When we read from the Megillah, one of the key lines that has stood out for generations reads: “וְנַהֲפ֣וֹךְה֔וּא (nahafuch hu), the opposite happened” of everything that Haman had intended. Haman sought to execute the Jews, whereas he and his family ended up with the fate he decreed for them. Purim has thus become a day of opposites, where, like a pancake, everything gets flipped upside down. Or perhaps, to put it another way, Purim is the ultimate spatula (marit) of Jewish holidays. It flips everything we do upside down. But most importantly, Purim flips us upside down.

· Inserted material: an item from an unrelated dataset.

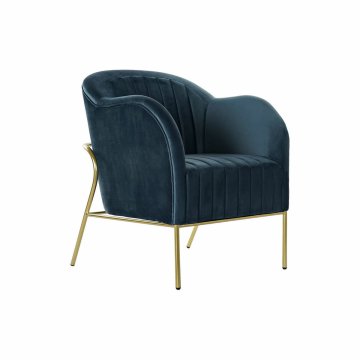 DKD Home Decor Fotelj DKD Home Decor 8424001802272 Blue Multicolor Golden Metal Plastic Modern 70 x 75 x 85 cm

One custom on Purim is that Jews are supposed to become intoxicated. The tradition offers that Jews should drink to the point that we don’t know the difference between Haman and Mordechai. In other words, drink so much that we become our upside down selves. And of course, we are supposed to dress up on Purim. But maybe dress “up” is not the right turn of phrase. On Yom Kippur, and at other major life events, we dress “up.” In other words, we dress to be more like ourselves, or better versions of ourselves. The rabbis note that Yom HaKipurim (Yom Kippur) is the nahafuch, the opposite of Purim, because on Yom Kippur we dress up, but on Purim, we dress to be the opposite of ourselves. We aren’t masking ourselves, rather, Purim transforms us into someone we are not. You might simply conclude that we dress up because it’s enjoyable. After all, it’s novel and fun to pretend to be someone that we are not. And, yes, Purim is to a large degree about having fun. But the rabbis again note the similarities not just in name between Purim and Yom HaKipurim. Both holidays, they point out, teach us about who it is that we really are. When things in our lives get turned upside down, we discover a truer sense of what is really right side up.
Ask anyone who has gone through an experience in their lives when the world seemed turned upside down. The story will likely end with a conclusion of self-discovery. The Talmud tells a story that echoes the experiences of many people whose lives get turned upside down through death, illness, injury, or some other catastrophe. Rabbi Yosef becomes critically ill and goes into a coma. Miraculously, he comes to, and makes a full recovery. His father asks him, “What did you see when you were unconscious?” “I saw the world upside down (olam hafuch),” he responds, “what was above was below and what was below was above.” His father said to him, “My son, you have seen an olam barur (a clear world), you have seen the world clearly (Talmud Bavli, Pesachim 50a).”
As we approach Purim, I want to encourage you to use the holiday as a spatula for flipping your life upside down. It’s not supposed to be comfortable, though it may be a little fun. Be someone you are not for the day, or just for the evening. Purim may seem like a kids holiday, but it isn’t. No one is too grown up for Purim. We could all use a little nahafoch hu, life turned topsy turvy at least one day of the year.